** DATA SECTION follows **

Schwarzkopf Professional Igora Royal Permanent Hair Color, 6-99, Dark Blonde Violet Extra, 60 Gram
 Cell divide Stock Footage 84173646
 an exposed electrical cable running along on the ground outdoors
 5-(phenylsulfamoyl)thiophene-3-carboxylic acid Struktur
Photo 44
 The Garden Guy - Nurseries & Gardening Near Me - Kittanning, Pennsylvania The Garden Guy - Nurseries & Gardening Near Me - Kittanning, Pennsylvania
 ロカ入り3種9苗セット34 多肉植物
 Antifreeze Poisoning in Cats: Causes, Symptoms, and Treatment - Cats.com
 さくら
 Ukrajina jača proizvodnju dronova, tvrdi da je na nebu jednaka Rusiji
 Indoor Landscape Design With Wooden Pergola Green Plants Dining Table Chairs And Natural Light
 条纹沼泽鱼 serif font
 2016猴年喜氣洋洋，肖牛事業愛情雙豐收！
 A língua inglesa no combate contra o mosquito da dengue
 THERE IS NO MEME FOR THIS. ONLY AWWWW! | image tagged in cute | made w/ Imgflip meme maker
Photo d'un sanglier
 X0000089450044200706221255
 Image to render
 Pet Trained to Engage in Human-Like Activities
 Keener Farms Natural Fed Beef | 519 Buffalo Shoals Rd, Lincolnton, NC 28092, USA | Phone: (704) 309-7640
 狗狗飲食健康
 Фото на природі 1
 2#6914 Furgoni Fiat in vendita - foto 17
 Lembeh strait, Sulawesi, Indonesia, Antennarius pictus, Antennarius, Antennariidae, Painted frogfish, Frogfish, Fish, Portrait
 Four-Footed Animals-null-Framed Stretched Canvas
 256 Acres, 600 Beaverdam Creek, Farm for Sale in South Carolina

** End of DATA SECTION **

**EXERCISE**
Only the lines from the start of the material through the line bearing "2#6914 Furgoni Fiat in vendita - foto 17" are needed, restated exactly, with both end lines included.

**ANSWER TO THIS EXERCISE**
Schwarzkopf Professional Igora Royal Permanent Hair Color, 6-99, Dark Blonde Violet Extra, 60 Gram
 Cell divide Stock Footage 84173646
 an exposed electrical cable running along on the ground outdoors
 5-(phenylsulfamoyl)thiophene-3-carboxylic acid Struktur
Photo 44
 The Garden Guy - Nurseries & Gardening Near Me - Kittanning, Pennsylvania The Garden Guy - Nurseries & Gardening Near Me - Kittanning, Pennsylvania
 ロカ入り3種9苗セット34 多肉植物
 Antifreeze Poisoning in Cats: Causes, Symptoms, and Treatment - Cats.com
 さくら
 Ukrajina jača proizvodnju dronova, tvrdi da je na nebu jednaka Rusiji
 Indoor Landscape Design With Wooden Pergola Green Plants Dining Table Chairs And Natural Light
 条纹沼泽鱼 serif font
 2016猴年喜氣洋洋，肖牛事業愛情雙豐收！
 A língua inglesa no combate contra o mosquito da dengue
 THERE IS NO MEME FOR THIS. ONLY AWWWW! | image tagged in cute | made w/ Imgflip meme maker
Photo d'un sanglier
 X0000089450044200706221255
 Image to render
 Pet Trained to Engage in Human-Like Activities
 Keener Farms Natural Fed Beef | 519 Buffalo Shoals Rd, Lincolnton, NC 28092, USA | Phone: (704) 309-7640
 狗狗飲食健康
 Фото на природі 1
 2#6914 Furgoni Fiat in vendita - foto 17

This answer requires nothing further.